Photo: Trond Viken, Utenriksdepartementet.Photo: Trond Viken, Utenriksdepartementet

La politique de développement

Dernière mise à jour: 21.01.2009 // La politique de développement de la Norvège vise à remédier à la répartition inégale du pouvoir au sein des pays et entre différents pays et de pallier les facteurs qui contribuent à l’injustice, à la répression et à la discrimination, et ce à tous les niveaux.
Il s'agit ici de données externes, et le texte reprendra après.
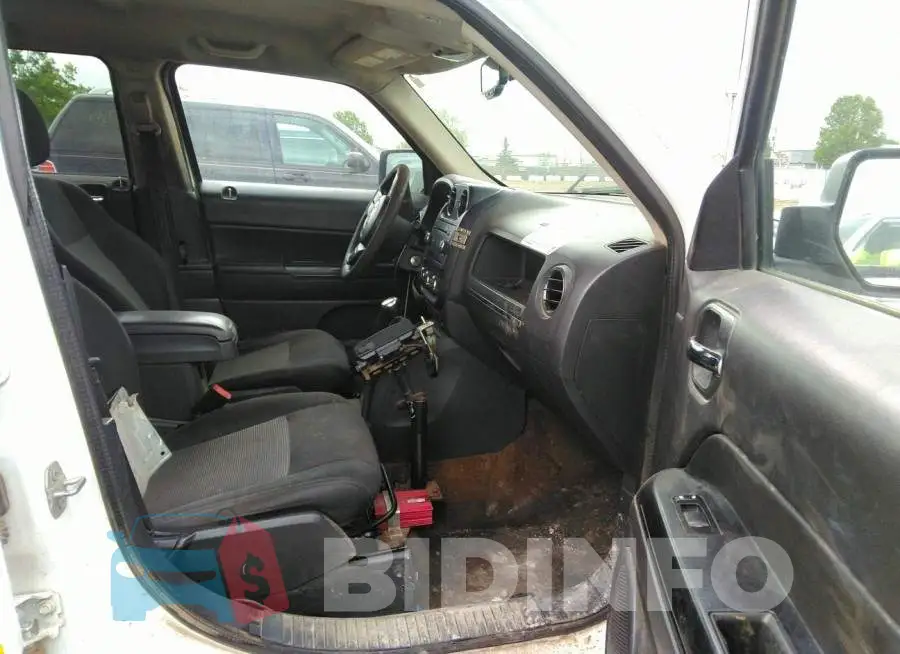 1C4NJRBB6GD690202 Photo# 5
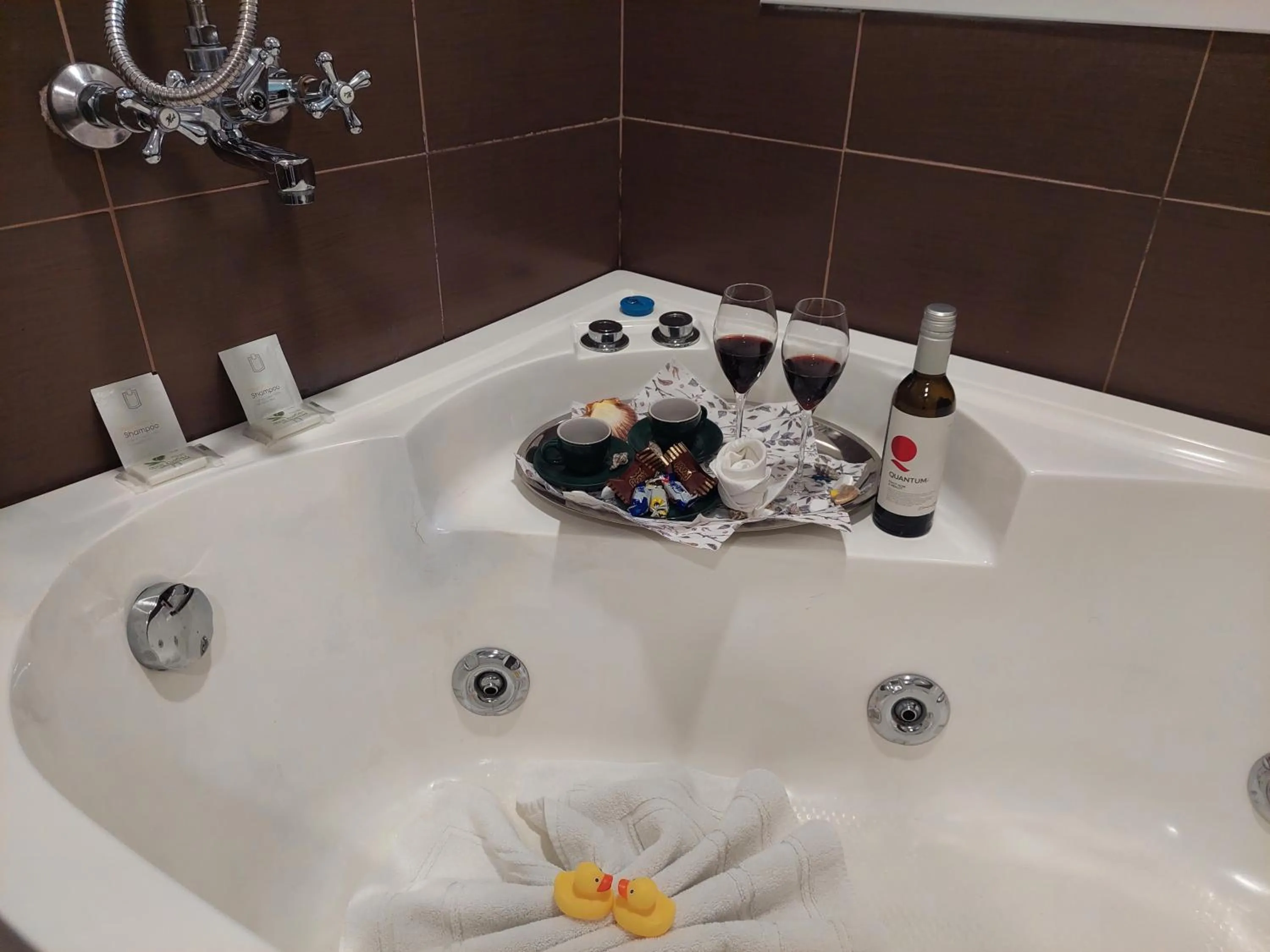 Bathroom in Paralax Hotel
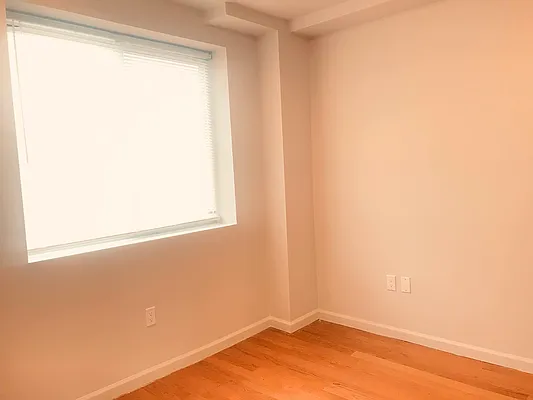 Rented by Chase Global Realty Corp | media 8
Nous restons déterminés à lutter contre la pauvreté et à atteindre les objectifs du Millénaire, tout en étant partisans d’un ordre mondial fondé sur l’ONU.

L’action de la Norvège doit être basée sur les droits des individus. Elle doit renforcer la capacité des Etats à remplir leurs engagements et aider les citoyens à faire valoir leurs droits.

La Norvège travaille de manière ciblée sur des sujets essentiels comme la gouvernance, les droits de l’homme, l’environnement et le climat, l’éducation, la santé et l’égalité des sexes. Il est prouvé que les investissements dans l’éducation, la santé et le renforcement des opportunités de revenus ont un impact largement positif sur l’évolution de la société et la croissance économique.

Les pays en développement maîtres de leur destin

Seule la nation peut initier un processus de développement national. Les pays en développement ont le droit et la responsabilité de tracer leur propre voie. La Norvège estime qu’un développement positif de la société nécessite un appareil étatique efficace, une société civile active et une économie pérenne. Ce sont les pays en développement eux-mêmes qui doivent faire leurs choix et définir leurs priorités pour le développement des services sociaux, la démocratie, la politique de l’emploi et la pérennité de la croissance économique.

La Norvège est en mesure d’apporter une aide à cette démarche en fournissant un financement et des compétences.

Climat et forêts

La pauvreté s’aggrave avec les changements climatiques. L’adaptation à ces changements doit en premier lieu réduire la vulnérabilité des pays pauvres et des groupes exposés. Grâce à son initiative en faveur des forêts, la Norvège a joué un rôle international moteur pour préserver les forêts humides qui captent les gaz à effet de serre, assurent la biodiversité et constituent la base de subsistance des populations autochtones. Une politique environnementale solide doit s’inscrire dans une politique économique en faveur de l’emploi, de la croissance des revenus et de la production, dans les pays pauvres comme dans les pays riches.

Conflits

La plupart des conflits violents d’aujourd’hui ont lieu dans les pays pauvres et un grand nombre des pays partenaires de la Norvège connaissent des conflits sur leur sol ou sont exposés à leurs conséquences. Car les conflits ont des répercussions sur des régions et des populations bien plus nombreuses que celles qui sont directement touchées. Les pays voisins et des régions entières se trouvent en effet déstabilisés, voire directement impliqués dans le conflit. Certains conflits peuvent même avoir des retombées mondiales. Les efforts en faveur de la paix et de la réconciliation se fondent sur le respect et la promotion des droits de l’homme. Les souffrances civiles provoquées par les conflits violents sont considérables, et les femmes et les enfants sont particulièrement exposés aux abus et aux violences sexuelles. La Norvège continuera de privilégier les efforts envers les Etats vulnérables.

Flux de capitaux illicites et accès aux capitaux

L’expansion rapide de l’économie mondiale a contribué à réduire la pauvreté et à améliorer le niveau de vie de millions d’individus. Il faut que les pays en développement aient davantage accès aux capitaux mondiaux et à la création de valeur, exercent un contrôle plus efficace de leurs propres ressources financières et permettent les investissements dans leur propre pays. La Norvège intensifiera ses efforts pour les y aider, notamment en encourageant des échanges accrus, des investissements plus nombreux, une bonne gouvernance et les transferts privés de migrants.

Un autre tâche prioritaire est de lutter efficacement contre les flux de capitaux illicites en provenance des pays en développement, estimés atteindre quatre mille milliards de couronnes par an. La lutte contre le recours illicite aux paradis fiscaux est à cet égard cruciale.